» What is expected:
Find all the lines in the material below with the word "digital", and copy them.

» Data in this exercise:
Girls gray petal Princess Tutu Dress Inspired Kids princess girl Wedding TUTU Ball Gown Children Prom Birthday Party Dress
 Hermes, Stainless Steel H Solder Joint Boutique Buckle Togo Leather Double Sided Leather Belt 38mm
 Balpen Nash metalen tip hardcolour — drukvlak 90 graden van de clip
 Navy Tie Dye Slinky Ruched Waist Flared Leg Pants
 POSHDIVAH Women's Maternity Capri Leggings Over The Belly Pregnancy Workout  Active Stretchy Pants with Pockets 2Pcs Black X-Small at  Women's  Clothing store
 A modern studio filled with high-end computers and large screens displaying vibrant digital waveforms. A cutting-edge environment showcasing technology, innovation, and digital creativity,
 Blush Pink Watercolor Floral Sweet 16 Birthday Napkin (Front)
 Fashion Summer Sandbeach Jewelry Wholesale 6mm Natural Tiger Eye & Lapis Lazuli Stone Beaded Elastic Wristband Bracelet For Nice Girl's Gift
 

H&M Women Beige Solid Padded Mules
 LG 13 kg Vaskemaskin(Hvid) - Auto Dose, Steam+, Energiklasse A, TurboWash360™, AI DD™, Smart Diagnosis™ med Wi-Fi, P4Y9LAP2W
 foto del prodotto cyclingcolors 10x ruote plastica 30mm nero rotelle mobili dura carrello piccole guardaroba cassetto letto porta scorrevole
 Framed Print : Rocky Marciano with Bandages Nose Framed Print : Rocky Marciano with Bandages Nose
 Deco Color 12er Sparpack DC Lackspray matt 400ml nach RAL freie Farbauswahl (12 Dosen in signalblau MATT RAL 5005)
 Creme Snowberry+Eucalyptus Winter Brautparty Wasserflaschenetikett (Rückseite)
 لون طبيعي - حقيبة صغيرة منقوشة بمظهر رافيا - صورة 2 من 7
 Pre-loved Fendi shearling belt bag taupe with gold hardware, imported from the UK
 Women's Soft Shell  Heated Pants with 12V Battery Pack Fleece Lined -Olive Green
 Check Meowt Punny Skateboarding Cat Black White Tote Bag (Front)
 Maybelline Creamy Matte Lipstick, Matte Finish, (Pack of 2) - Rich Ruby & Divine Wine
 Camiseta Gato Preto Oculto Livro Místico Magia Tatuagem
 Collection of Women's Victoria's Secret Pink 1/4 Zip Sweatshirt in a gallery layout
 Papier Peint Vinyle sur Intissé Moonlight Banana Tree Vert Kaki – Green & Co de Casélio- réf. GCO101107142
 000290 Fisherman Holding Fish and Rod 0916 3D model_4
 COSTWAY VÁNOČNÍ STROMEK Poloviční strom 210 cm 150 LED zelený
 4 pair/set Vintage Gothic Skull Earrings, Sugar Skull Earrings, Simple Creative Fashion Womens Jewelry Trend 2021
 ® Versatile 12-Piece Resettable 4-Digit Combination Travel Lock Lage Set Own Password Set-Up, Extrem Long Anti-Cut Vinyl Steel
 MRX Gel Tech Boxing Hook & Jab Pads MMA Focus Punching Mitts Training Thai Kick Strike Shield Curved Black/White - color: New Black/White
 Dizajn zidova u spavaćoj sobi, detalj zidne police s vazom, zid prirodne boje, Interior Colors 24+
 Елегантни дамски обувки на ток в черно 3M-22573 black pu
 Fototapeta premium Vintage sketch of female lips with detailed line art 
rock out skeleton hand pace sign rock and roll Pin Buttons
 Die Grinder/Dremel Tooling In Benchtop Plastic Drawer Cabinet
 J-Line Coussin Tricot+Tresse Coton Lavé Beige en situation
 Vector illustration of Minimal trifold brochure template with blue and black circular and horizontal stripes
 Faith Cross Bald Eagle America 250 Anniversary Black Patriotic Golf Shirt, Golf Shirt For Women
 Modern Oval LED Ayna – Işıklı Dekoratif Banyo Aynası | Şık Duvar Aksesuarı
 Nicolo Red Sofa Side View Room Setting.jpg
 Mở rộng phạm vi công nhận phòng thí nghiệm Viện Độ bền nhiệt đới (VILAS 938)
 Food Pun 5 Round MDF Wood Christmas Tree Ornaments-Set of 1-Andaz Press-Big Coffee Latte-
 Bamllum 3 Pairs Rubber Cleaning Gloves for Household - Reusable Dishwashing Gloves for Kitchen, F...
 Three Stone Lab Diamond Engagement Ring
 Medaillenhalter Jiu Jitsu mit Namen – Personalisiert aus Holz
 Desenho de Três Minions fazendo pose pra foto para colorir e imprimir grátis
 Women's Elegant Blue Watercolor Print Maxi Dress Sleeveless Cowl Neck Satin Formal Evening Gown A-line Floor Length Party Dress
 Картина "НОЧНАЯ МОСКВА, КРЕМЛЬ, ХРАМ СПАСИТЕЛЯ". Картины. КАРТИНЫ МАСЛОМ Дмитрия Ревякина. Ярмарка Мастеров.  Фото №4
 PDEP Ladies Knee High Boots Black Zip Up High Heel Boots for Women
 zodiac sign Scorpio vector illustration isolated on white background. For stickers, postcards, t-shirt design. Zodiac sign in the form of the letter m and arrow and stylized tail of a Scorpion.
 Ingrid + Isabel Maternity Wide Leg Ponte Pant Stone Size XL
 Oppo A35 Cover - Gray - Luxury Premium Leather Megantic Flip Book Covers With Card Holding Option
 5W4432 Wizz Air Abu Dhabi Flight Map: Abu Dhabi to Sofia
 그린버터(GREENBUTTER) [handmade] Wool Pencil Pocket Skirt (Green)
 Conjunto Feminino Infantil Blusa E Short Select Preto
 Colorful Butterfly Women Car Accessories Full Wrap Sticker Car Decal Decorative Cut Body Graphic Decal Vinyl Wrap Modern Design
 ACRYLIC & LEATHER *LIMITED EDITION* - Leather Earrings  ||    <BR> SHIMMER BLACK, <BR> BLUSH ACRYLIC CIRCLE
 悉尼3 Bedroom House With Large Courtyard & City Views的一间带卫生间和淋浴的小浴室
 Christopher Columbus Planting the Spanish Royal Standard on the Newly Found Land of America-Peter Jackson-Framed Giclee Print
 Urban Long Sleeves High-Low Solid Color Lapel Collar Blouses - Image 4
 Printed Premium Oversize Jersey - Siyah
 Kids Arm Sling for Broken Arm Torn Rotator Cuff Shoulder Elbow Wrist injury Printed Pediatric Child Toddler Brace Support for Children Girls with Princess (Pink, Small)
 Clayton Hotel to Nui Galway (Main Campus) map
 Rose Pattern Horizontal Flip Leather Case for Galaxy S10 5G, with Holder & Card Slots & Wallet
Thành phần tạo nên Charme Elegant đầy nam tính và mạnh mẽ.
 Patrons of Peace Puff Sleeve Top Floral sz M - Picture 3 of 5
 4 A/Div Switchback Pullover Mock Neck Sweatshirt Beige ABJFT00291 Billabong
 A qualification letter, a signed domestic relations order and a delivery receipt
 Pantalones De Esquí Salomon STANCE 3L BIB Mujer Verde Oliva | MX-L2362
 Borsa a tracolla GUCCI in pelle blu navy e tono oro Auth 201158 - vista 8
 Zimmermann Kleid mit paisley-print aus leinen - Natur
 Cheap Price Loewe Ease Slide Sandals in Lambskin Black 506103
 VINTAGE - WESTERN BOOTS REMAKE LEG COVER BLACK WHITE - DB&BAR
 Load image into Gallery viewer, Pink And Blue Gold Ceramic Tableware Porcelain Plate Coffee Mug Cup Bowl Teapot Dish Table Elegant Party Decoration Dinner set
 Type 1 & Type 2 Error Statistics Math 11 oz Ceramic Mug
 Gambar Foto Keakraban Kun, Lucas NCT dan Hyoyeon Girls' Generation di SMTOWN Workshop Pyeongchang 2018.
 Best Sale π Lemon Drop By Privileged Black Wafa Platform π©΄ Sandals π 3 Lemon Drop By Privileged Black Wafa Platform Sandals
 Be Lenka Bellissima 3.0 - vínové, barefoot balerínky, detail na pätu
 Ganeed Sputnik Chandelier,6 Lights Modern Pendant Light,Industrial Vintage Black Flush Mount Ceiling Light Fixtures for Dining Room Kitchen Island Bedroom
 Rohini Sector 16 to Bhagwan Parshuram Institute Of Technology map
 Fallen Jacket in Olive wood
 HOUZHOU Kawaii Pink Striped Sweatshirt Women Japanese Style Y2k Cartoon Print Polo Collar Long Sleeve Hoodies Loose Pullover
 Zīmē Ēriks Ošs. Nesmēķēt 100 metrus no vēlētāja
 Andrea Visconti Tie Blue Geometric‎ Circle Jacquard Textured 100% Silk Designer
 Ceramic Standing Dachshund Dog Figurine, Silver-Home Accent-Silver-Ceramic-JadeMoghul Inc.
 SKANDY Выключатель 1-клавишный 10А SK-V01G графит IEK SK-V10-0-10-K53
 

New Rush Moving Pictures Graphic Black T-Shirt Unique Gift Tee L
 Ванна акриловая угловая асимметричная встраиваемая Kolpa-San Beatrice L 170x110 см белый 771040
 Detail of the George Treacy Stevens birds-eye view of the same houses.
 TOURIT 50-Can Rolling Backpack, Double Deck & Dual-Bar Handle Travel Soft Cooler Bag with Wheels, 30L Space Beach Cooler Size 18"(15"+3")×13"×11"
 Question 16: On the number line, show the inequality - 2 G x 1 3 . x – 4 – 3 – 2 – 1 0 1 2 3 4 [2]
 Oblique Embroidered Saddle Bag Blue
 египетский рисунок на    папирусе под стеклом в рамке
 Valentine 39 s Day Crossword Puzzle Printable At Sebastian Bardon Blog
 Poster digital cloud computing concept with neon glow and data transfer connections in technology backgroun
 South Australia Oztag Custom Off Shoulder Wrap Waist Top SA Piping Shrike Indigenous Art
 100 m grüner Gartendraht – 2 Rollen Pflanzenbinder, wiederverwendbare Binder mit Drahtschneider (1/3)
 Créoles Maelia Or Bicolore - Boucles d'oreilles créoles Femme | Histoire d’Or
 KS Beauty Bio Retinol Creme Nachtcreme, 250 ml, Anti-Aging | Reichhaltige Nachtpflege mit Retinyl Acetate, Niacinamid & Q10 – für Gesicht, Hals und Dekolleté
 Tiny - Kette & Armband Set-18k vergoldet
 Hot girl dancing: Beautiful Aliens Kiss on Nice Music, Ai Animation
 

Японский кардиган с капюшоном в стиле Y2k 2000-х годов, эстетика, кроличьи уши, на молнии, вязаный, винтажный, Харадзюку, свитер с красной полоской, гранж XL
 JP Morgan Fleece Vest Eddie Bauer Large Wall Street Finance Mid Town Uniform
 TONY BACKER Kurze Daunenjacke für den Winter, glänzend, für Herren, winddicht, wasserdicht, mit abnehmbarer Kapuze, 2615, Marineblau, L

» Solved problem:
 A modern studio filled with high-end computers and large screens displaying vibrant digital waveforms. A cutting-edge environment showcasing technology, innovation, and digital creativity,
 Poster digital cloud computing concept with neon glow and data transfer connections in technology backgroun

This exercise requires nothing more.